Si le conflit au Proche-Orient doit être abrégé, et nous le demandons de tout notre cœur, si la force des négociations vient de nouveau à bout de la force maligne des instruments de mort, ce sera certainement aussi parce que dans les ruelles des villes d’Orient, autour des mosquées ou sur l’esplanade du mur occidental de Jérusalem, là où les juifs se rassemblent pour prier, il y a de petits hommes et de petites femmes sans aucune importance, qui se tiennent là, ainsi, en prière, sans craindre autre chose que le jugement de Dieu ; prostrés, comme le dit Néhémie, devant le Seigneur leur Dieu, confessant leurs péchés et ceux de tous leurs amis et ennemis, jusqu’à ce que s’accomplisse la grande prophétie d’Isaïe : « Ce jour-là, il y aura un chemin allant d’Égypte à Assur [antique territoire qui correspond à l’Irak d’aujourd’hui]. Assur viendra en Égypte et l’Égypte en Assur. L’Égypte servira [le Seigneur] avec Assur. Ce jour-là, Israël viendra en troisième avec l’Égypte et Assur, bénédiction au milieu de la terre, bénédiction que prononcera Yahvé Sabaot : « Béni mon peuple l’Égypte, et Assur l’œuvre de mes mains, et Israël mon héritage » (Is 19, 23-25).
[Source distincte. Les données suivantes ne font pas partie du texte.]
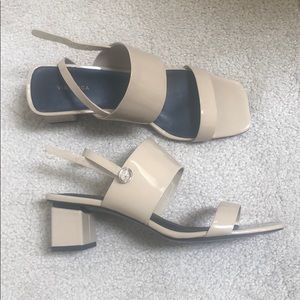 💗Via Spiga Forte Block Heel Sandal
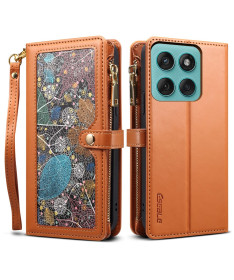 Housse Motorola Edge 60 / 60 Fusion Portefeuille à Lanière | Élise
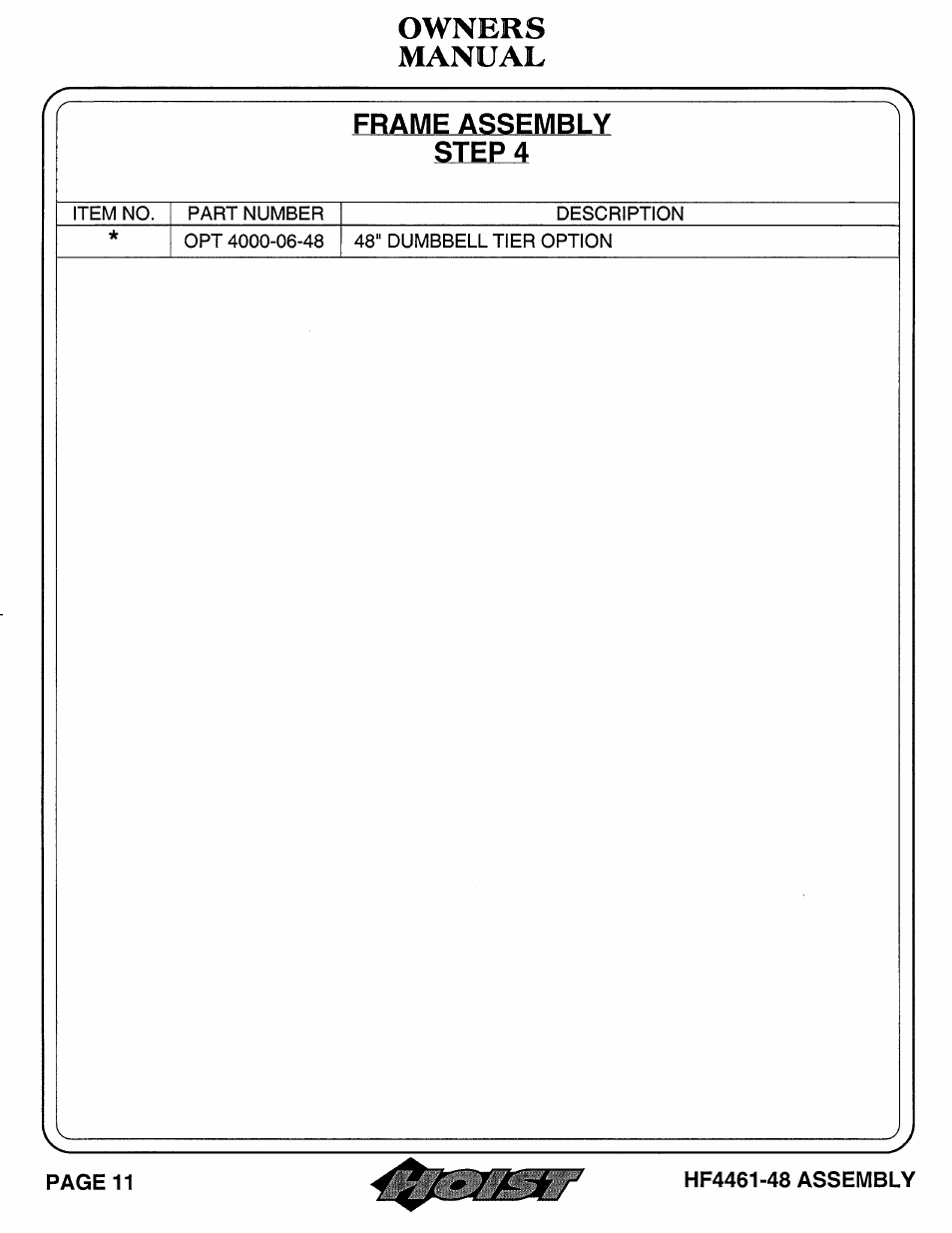 Hoist Fitness HF4461-48 User Manual | Page 12 / 31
Cardinal Carlo Maria MARTINI, Vers Jérusalem, Cerf, Paris, 2004

Jésuite italien, le cardinal Martini a été recteur de l’Institut biblique pontifical et de l’université Grégorienne, à Rome, avant de devenir archevêque de Milan en 1979. Entre 2002 à 2008, il se retire à Jérusalem et publie Vers Jérusalem. Il est décédé à Milan le 31 août 2012.